ただ、近年の空調業界を取り巻く環境下では、このロウ付け作業が一筋縄ではいかない、やっかいな作業となっています。
課題1 ロウ付け作業ができない!火気厳禁の現場とは?
新築物件の空調工事は、天井も張られておらず未入居の状態で施工が進められるため、作業の自由度がある程度高くなります。
対して、既築物件の空調機更新工事の場合には事情が変わってきます。
既築物件では天井が張られた状態で工事をするため、作業の自由度はあまり高くありません。

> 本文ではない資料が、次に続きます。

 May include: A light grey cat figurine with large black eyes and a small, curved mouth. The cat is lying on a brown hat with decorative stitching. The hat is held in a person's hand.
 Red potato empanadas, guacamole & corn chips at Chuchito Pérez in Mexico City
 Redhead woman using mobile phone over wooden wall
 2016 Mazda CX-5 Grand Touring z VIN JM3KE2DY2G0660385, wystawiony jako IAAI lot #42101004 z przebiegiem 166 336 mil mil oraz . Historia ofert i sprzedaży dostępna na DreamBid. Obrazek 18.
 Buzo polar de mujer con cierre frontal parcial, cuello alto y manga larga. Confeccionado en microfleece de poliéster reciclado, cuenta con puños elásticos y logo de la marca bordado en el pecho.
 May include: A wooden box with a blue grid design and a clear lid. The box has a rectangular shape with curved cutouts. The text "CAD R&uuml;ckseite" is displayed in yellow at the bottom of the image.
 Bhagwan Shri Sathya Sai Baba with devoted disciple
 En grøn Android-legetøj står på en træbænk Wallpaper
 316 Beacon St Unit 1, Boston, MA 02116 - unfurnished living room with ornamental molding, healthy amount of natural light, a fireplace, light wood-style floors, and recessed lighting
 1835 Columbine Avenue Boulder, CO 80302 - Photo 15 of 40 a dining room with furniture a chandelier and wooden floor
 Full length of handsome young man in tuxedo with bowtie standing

また、入居済みの物件であるため建物内部に様々なものが置いてあることが想定されます。そのため、それらへの引火を防止するための養生作業や、消火用のバケツの準備などが必須です。
「火を使用する=火災のリスク」という観点から、安全策として、現場での火気使用を禁止している現場もあります。
そうした現場では、事前に冷媒配管をロウ付け加工し、現場に持ち込んで作業するケースもあるようです。
火を使わないため安全ではありますが、作業効率を考えると頭の痛い作業です。
課題2 ベテラン技術者の引退と若手技術者の減少
冷媒配管工事の課題は、物理的な問題だけではありません。
空調業界だけでなく日本全体で少子高齢化が進んでいるため、ベテランの技術者が次々と退職していく中、若手技術者が育っていないという現状があります。
ロウ付けのように経験や技術力が求められる作業では、人による施工品質が不安定になりがちです。ところが、ロウ付け箇所に少しでも隙間があれば冷媒ガスが漏れてしまい、重大な事故につながる可能性もあるのです。
「ロウ付け」から「継手方式」の時代へ
こうした課題を解決するため、近年では、ロウ付け不要で冷媒配管工事が可能になる「冷媒配管用継手」が販売されています。冷媒配管用継手には様々な種類がありますが、基本的には「ロウ付け」の代わりに「継手」を使って冷媒配管を接続していきます。
ロウ付けのように施工品質が経験や技術力に左右されるということもなく、各メーカーの標準施工ルールに則った施工をするだけで冷媒配管同士の接続が可能です。
ただし、冷媒配管用継手は各メーカーによって使用方法が異なり、施工資格が必要になることもあります。(施工資格については、冷媒配管用継手の各メーカーにお問い合わせください)
冷媒配管工事といえば「ロウ付け」が基本的な施工方法でしたが、これからは「継手方式」を求められる現場も増えていくかもしれません。現場に合わせて適切な工事ができるように、継手方式で施工したことがない方は、一度試してみてもいいかもしれませんね。
継手方式にはプレ加工ジョイントをセットで
さきほど、ビル用マルチエアコンなどの大型空調機では、ひとつの室外機に複数の室内機をつなぐために冷媒配管を分岐させるということがよくあると述べました。
このとき、使用する分岐管も保温加工済みのもの、継手の差込代がマーキングされているものを使うことで、施工性が一気に向上します。